Dynamic collections (spreadsheet filter)
Regular data label collections are mostly static: all labels, a few, or one. Only All labels is somewhat dynamic. When you need a truly dynamic collection — one whose content is computed from data — use a spreadsheet filter.
A spreadsheet filter points the collection at a model that contains the logic to decide which labels are currently included.
When to use
A typical case: departments and employees, where the employee collection should depend on the selected department. You could model this with dependent labels, but spreadsheet filters are far more flexible:
- change dependencies easily
- support multiple dependencies
- no suffix appended to the label name
- an easy way to include all labels
Spreadsheet filters are also a clean way to hide outdated labels without deleting them, so the underlying data is preserved for auditing.
Step by step
1. Create the collection
- Open Data and labels → category → collections icon → plus.
- Select the category, name the collection, and set the selection type to All labels.
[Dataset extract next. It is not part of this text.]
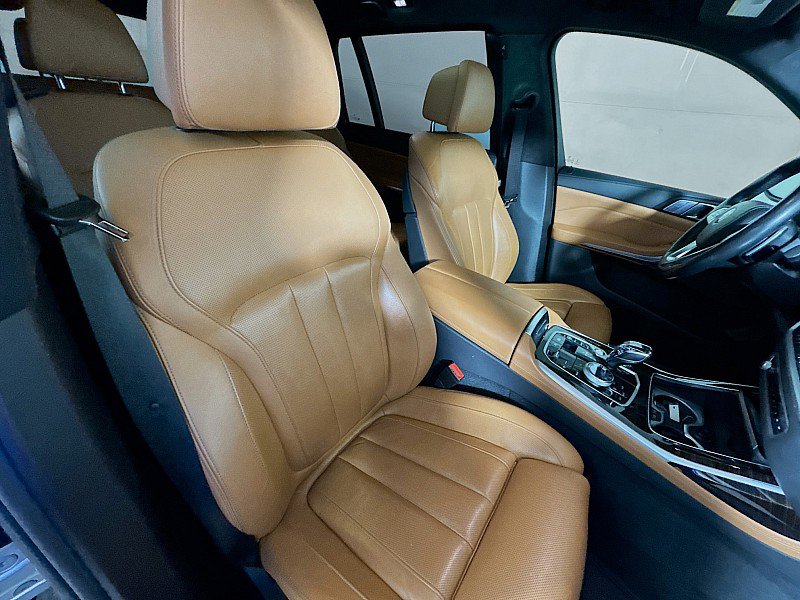 Used 2020 BMW X7 xDrive40i w/ Executive Package image 30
- Switch to the Filter tab and click Save for now — you will return after building the filter model.
2. Build the filter model
Create a model that produces the names, IDs, descriptions, or tags of the labels that should be in the collection. For the department/employee example:
- Add the Department category as a dataset selection so you can store which employees belong to which department.
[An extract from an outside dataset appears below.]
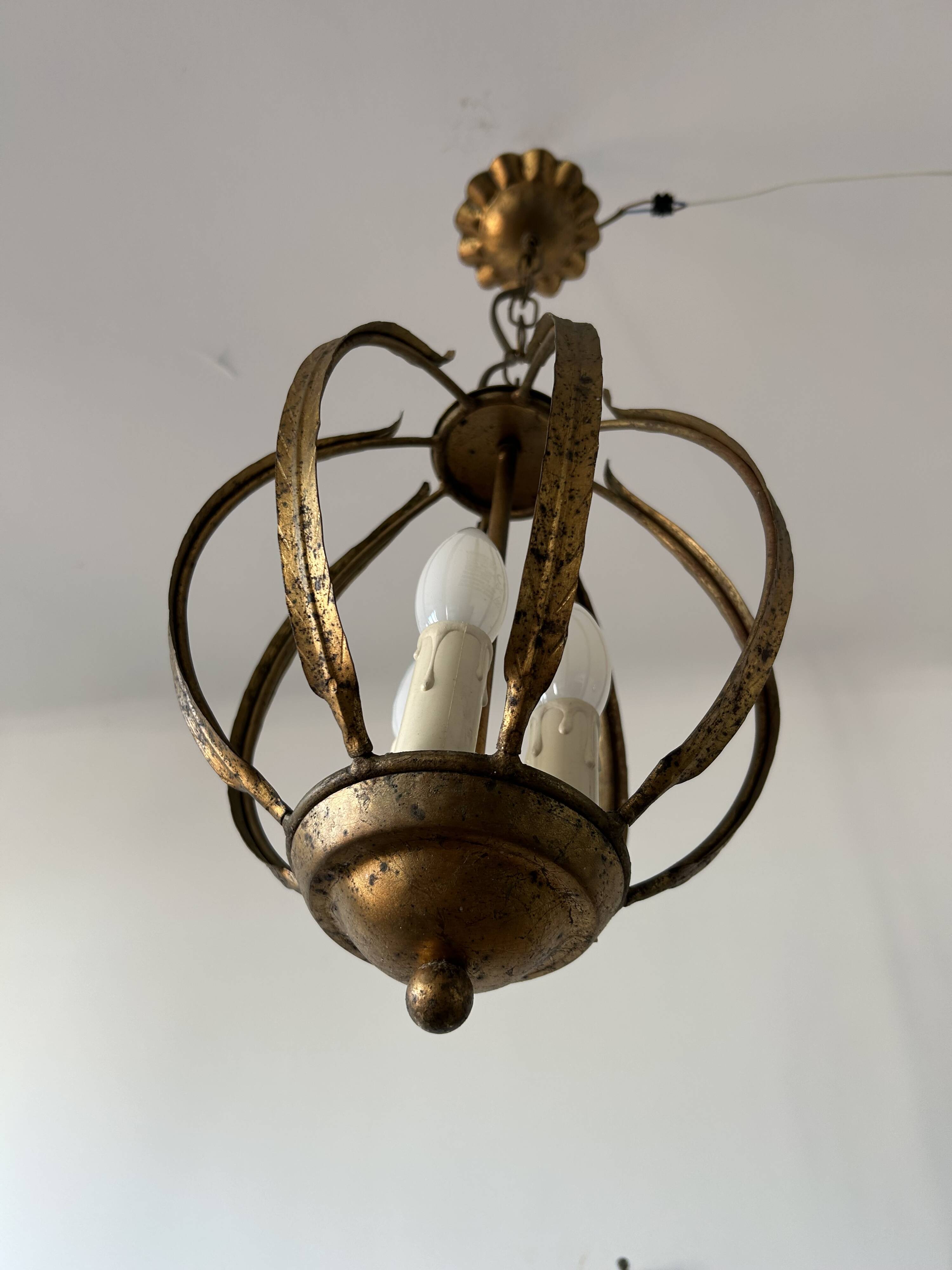 Chandelier, antique gold metal suspension.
- In Design mode, set up a cell storage section that lists the employees down a column (advanced mode, employees category as the down dimension with line expansion) and outputs their names in a neighboring column.
- Add a section anchor over a column that holds the filtered labels, using an Excel formula that returns the label only when the row is filled, for example:
=IF(C2<>"";B2;"")
Using label IDs instead of names in the filter section improves performance for larger categories.
3. Configure the filter properties
Return to the collection's Filter tab and configure it:
- 1 Enable Use spreadsheet filter.
- 2 Select the filter spreadsheet (the model you built).
- 3 Select the section anchor with filter data.
- 4 Specify what the section contains (label id, name, description, or tags).
- 5 Choose the compare method (for example equal), then Save.
| Filter data contain | Notes |
|---|---|
| Data label id | Most performant. |
| Data label name | The label names. |
| Data label description | Allows matching several labels (descriptions need not be unique). |
| Data label tags | Allows matching several labels (tags need not be unique). |
4. Use the collection in a model
Use the spreadsheet-filter collection as an option in a model's dataset selection. Its content is now driven by the filter model.
You must use at least all the selections of the filter model, but you may use more. Nooxl runs the filter model every time it is used, so you never have to refresh the filter data manually.